*** Data under study ***

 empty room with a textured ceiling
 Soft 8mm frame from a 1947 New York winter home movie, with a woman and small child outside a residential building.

*** End of Data under study ***
*** Data under study ***

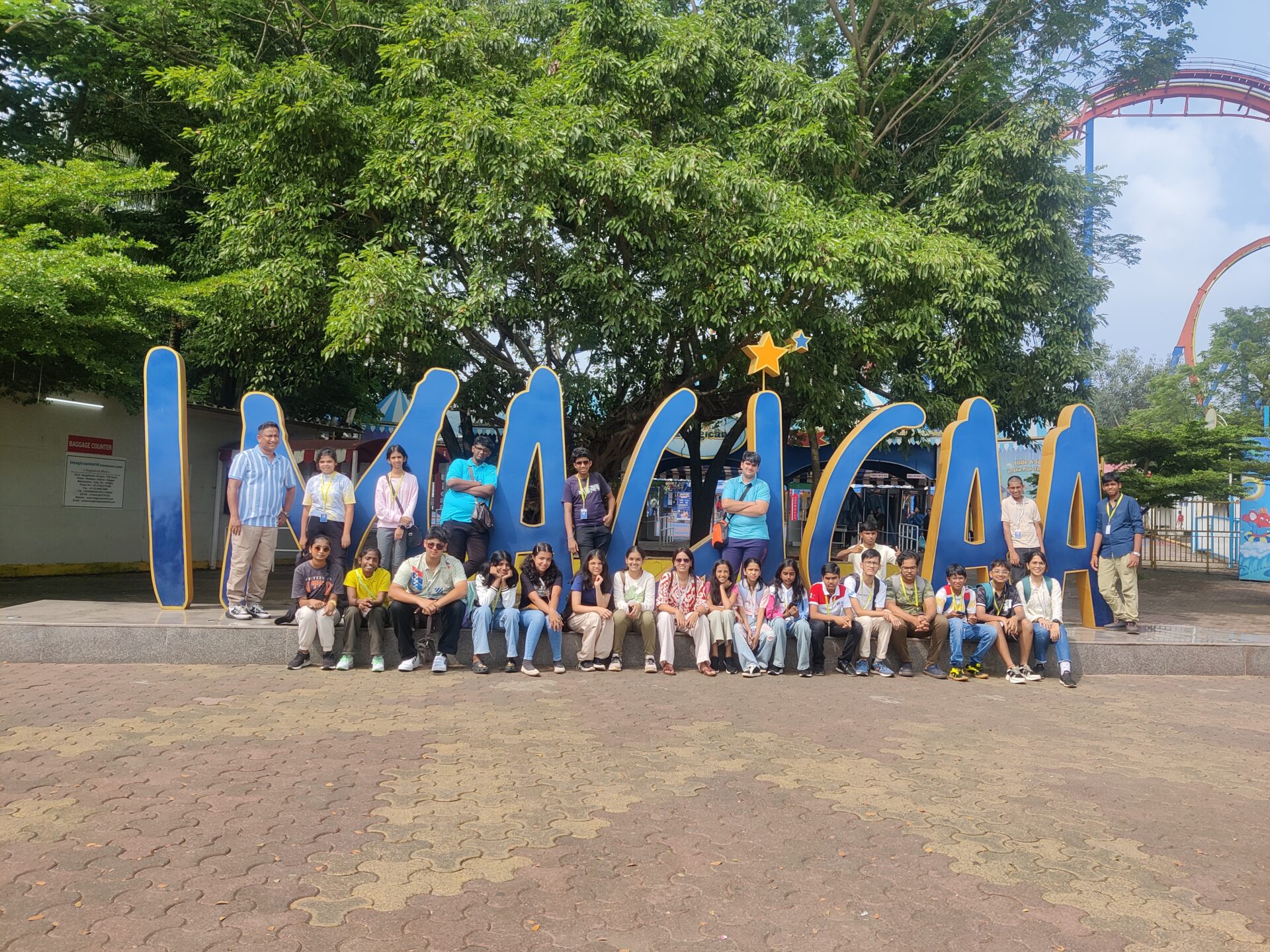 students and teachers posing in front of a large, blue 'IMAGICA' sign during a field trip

*** End of Data under study ***

Work task: Please filter the data down to the lines containing the word "with".

Written answer:
 empty room with a textured ceiling
 Soft 8mm frame from a 1947 New York winter home movie, with a woman and small child outside a residential building.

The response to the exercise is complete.